Doctor Who_ The Awakening - Eric Pringle [45]
Across the village, the door of the hut in the quiet, isolated courtyard was splintering. It bulged outwards. It heaved against the drawn bolt as it was hammered and pattered from inside.
All at once a panel gave way under the constant pounding. Then another split open, and another, until with a ragged cracking noise the whole door broke away from its hinges, the bolt flew off and Turlough and Andrew Verney tumbled out into the bright sunshine.
Carried forward by the impetus of the final charge, they staggered across the yard, and then stood swaying and blinking in the dazzling light, nursing their bruised shoulders. Verney clutched his baggy tweed hat. ‘We must get to the church,’ he said. ‘We have to destroy the Malus before it becomes too powerful.’
Turlough frowned. As an idea, that seemed to him to be a little on the bold side, not to say foolhardy. ‘Let’s find the Doctor first,’ he suggested.
The old man was adamant. ‘We haven’t got the time,’ he insisted. ‘We could spend the whole day looking for him.
Come on ...’
To prevent further argument he set off running, at an old man’s stately trot – leaving Turlough no option but to follow him.
Wolsey drove the cart like a man possessed. The Doctor and Will had to hold on grimly to prevent themselves being thrown out as the horse kicked its heels and the cart jerked and shook, jolted and rattled along a rutted track through the fields which, the farmer swore, was a short cut to the church. Now and then they could hear shouting behind them; in the distance soldiers were running, and horsemen galloped along the skyline.
They arrived at the lych-gate just in time. Wolsey reined in his valiant horse, stopped the cart and they jumped down. Will staggered and had some difficulty keeping his balance, and he felt that something inside him had shaken loose, but there was no time for self-examination and he had to run his fastest to keep up with the Doctor and Ben Wolsey. They were heading around the side of the church and making for the vestry; Will dreaded going back inside.
The Doctor pushed open the vestry door with a crash and burst in, giving a big fright to Tegan and Jane, who had just emerged from the underground passage. Jane was closing the tombstone entrance to the tunnel. Tegan, happy to be wearing her old dress again, was warily opening the door to the nave.
The Doctor was delighted to see them. He nodded with satisfaction but had no time to spare for congratulations.
‘Come along, we’ve a lot to do,’ he said, hustling them as he rushed through to the nave, followed by Ben Wolsey and Will Chandler.
Jane watched them go, and shrugged. Given time, she thought, she could get used to most things, but she doubted if she could ever get used to the Doctor.
The nave hummed and vibrated with a low, buzzing sound.

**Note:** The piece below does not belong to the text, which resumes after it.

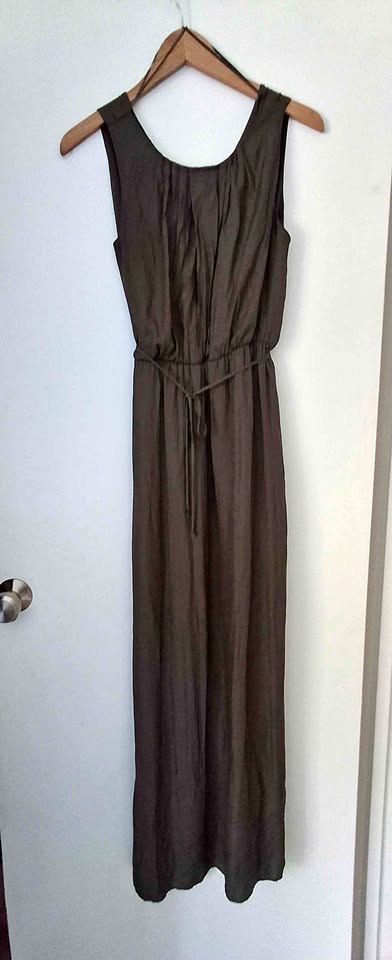 Basic Sleeveless Maxi Dress with Double Slits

It was like the noise of a furnace – the sound flames make as they rush up a chimney when it is on fire.
The Malus’s brooding silence had ended; the fury now erupting through the village had urged it into life again and it was steadily ingesting the power it needed to make its final bid for freedom. Those great nostrils flared with a wild anger; the eyes glinted and flashed; the mouth gaped
– a vast, shark-like maw that looked as if it would swallow the world.
As he ran through the church the Doctor glanced at the disappearing wall, and saw that time was running out on them. ‘Hurry!’ he shouted.

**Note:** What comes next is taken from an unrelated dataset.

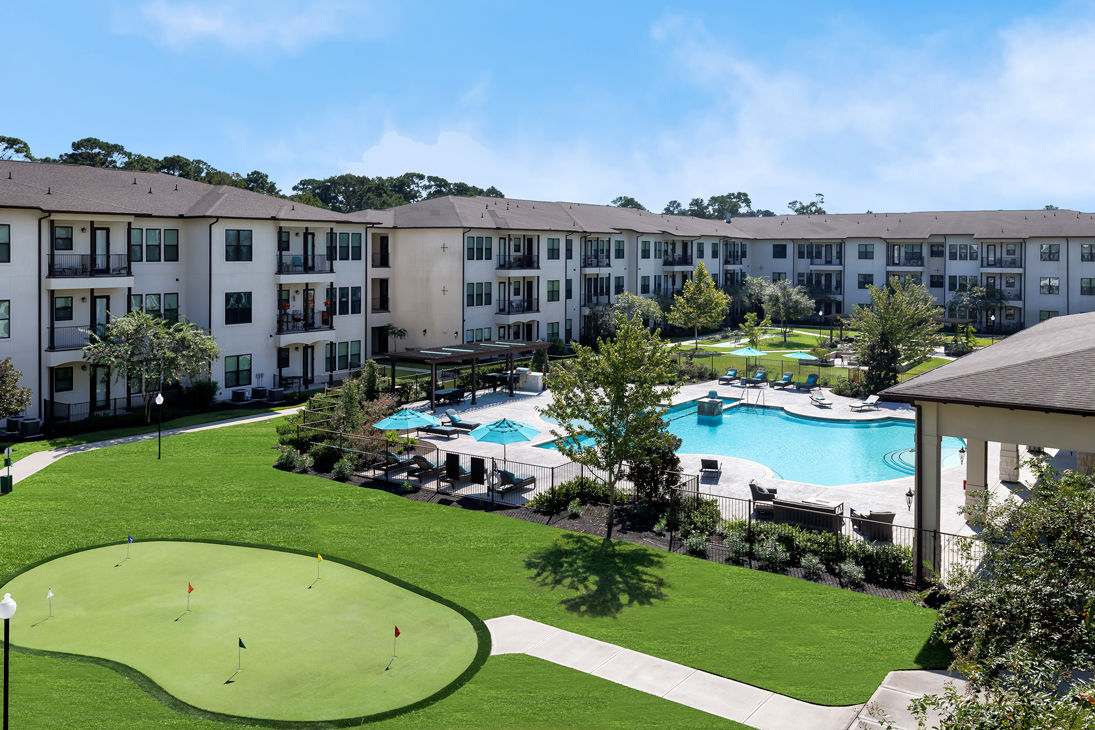 Ivy Point Kingwood photo 2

They kept close together, running one after the other up the nave and through the archway, then down the steps to the rubble-strewn crypt.
The Malus watched them go by. Soon – very soon now –
the time would come when no one would ever he able to pass it again. Soon no life would he able to survive in its vicinity. The green, phosphorescent eyes pulsed with the light of its coming triumph.
The Doctor ran down the steps to the crypt three at a time.
At the bottom he paused to take the torch from his pocket; he switched it on and set off towards the TARDIS, only to stop again suddenly. He turned to Tegan. ‘You didn’t close the door,’ he snapped.